Opinion
Civic education an obstacle to real change
Posted Friday, May 11 2012 at 18:32
Politics and civic education have become a disgraceful and wasteful money spinning racket.
Every election year we witness the emergence of new political entities and the birth of a conglomeration of civic education providers. One feeds off the other.
Civic education has replaced Aids awareness as the latest cash cow of the so-called like-minded donors.
Last week I attended a function to unveil the coastal civic education programme. These launches have become predictable, choreographed, glitzy and no-expenses-spared events.
They are always located in five star hotels, with charming celebratory hostesses, children’s choirs, expensive pop stars and winding up with peace doves, balloons and a giant buffet.
Civic education has become glossy and slick but has lost its edge and relevance for the poor and marginalised voter.
The coastal programme has an acronym of SAFE and perhaps that best epitomises the expected input and outcome of this venture: a peaceful and fair election that will maintain the status quo of inequality, injustice and deprivation.
A safe programme is a tame, anaemic one that will bring little substantial change.
Sometimes I think we have too much civic education, or rather too much of the wrong type of education. Most civic education is like our formal education – all about note taking, cramming information and getting certificates.
It reminds me of a man who once told me that he had attended several family planning seminars but had lost his notes and now he was bringing his 10th child for Baptism!
There is a complete disconnect between information gathered and tools required to address injustice and produce radical change. Like the formal sector, civic education is all about conformity and not transformation.
Yet, just about everyone has attended civic education seminars in Kenya except, perhaps, the political class who most need to be challenged.
Kenyans don’t need information – they need hope and education for liberation, so that they can free themselves. Paulo Friere once said that to affirm that men and women are free and then to do nothing tangible to make that affirmation a reality is a farce.
It is not about helping voters to choose between two presidential candidates who face crimes against humanity, or another duo who can’t agree on who raped the economy the most. It is showing them how to be rid of thieves, warlords, ethnic elites and drug barons.

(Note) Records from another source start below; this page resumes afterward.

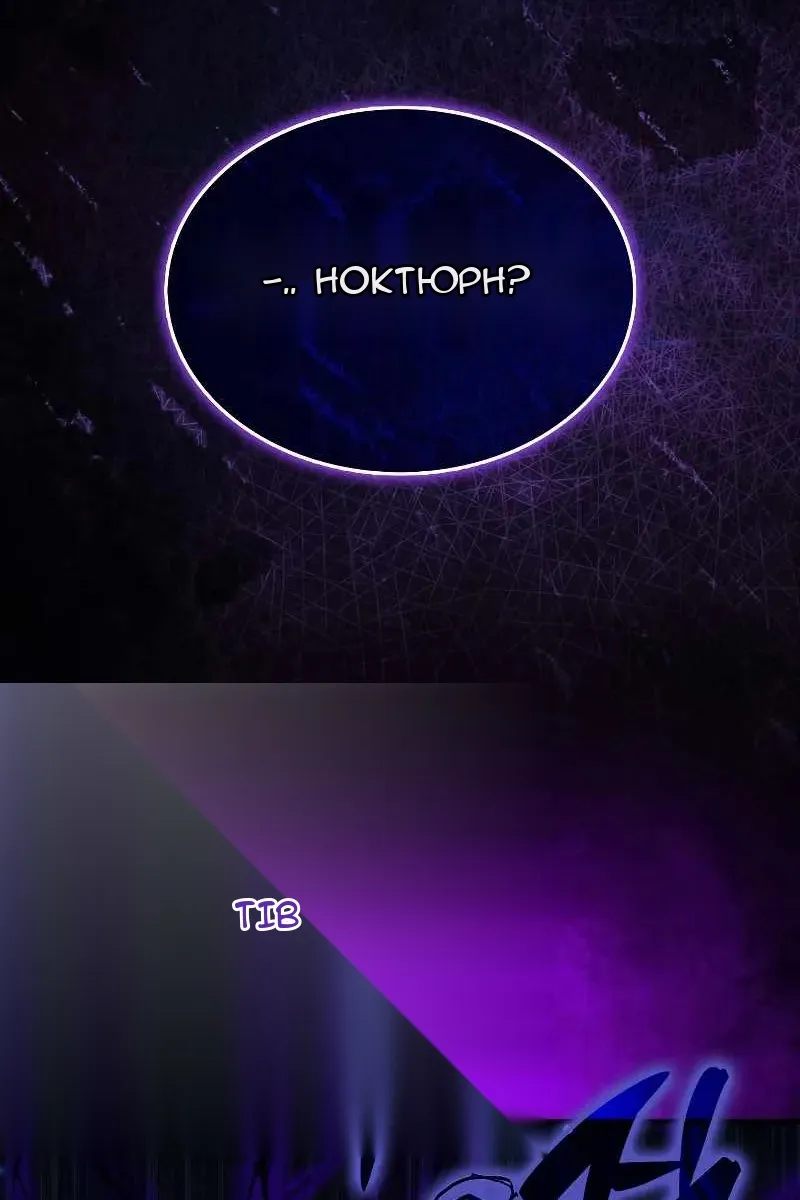 Сторінка 120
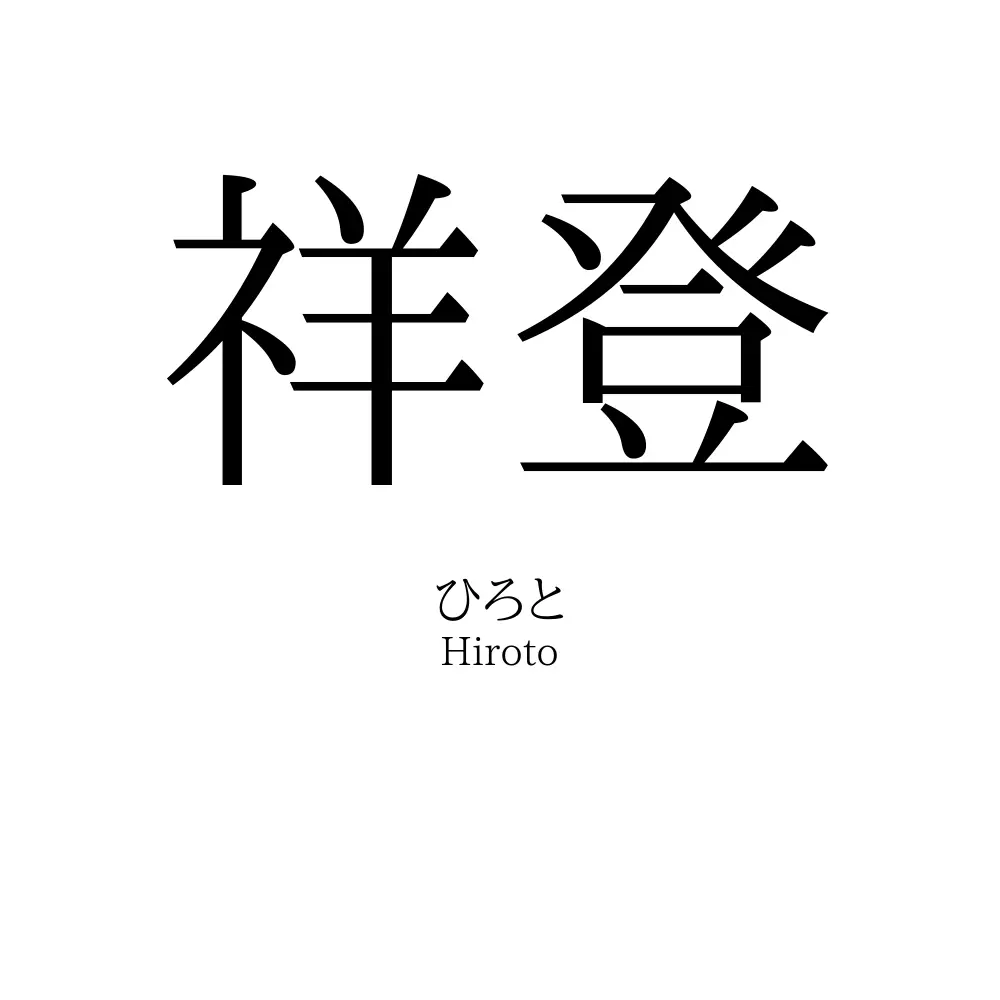 祥登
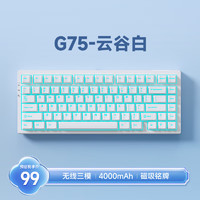 MC 迈从 G75客制化机械键盘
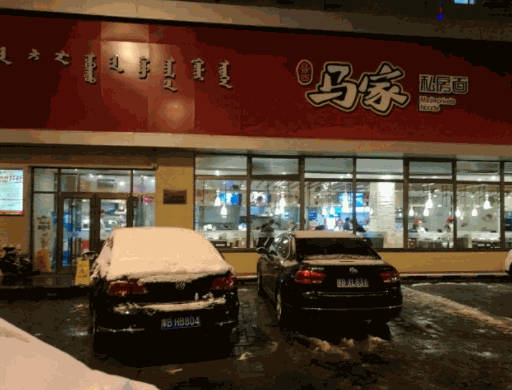 馬家私房面招商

Civic education — like preaching — that does not provoke, that does not unsettle is not liberation or education as in the Latin etymological meaning to lead out.
The aim of all civic education then must be to begin by believing in and trusting the people’s ability and give them the skills to build human rights communities and movements that deal with their own local problems.
It must be led by people with a passion for justice, with a vision of change who will fight alongside the community and radically transform their reality.
People like that are found everywhere but the donor community and the elitist civil society organisations are the biggest obstacle towards their emergence.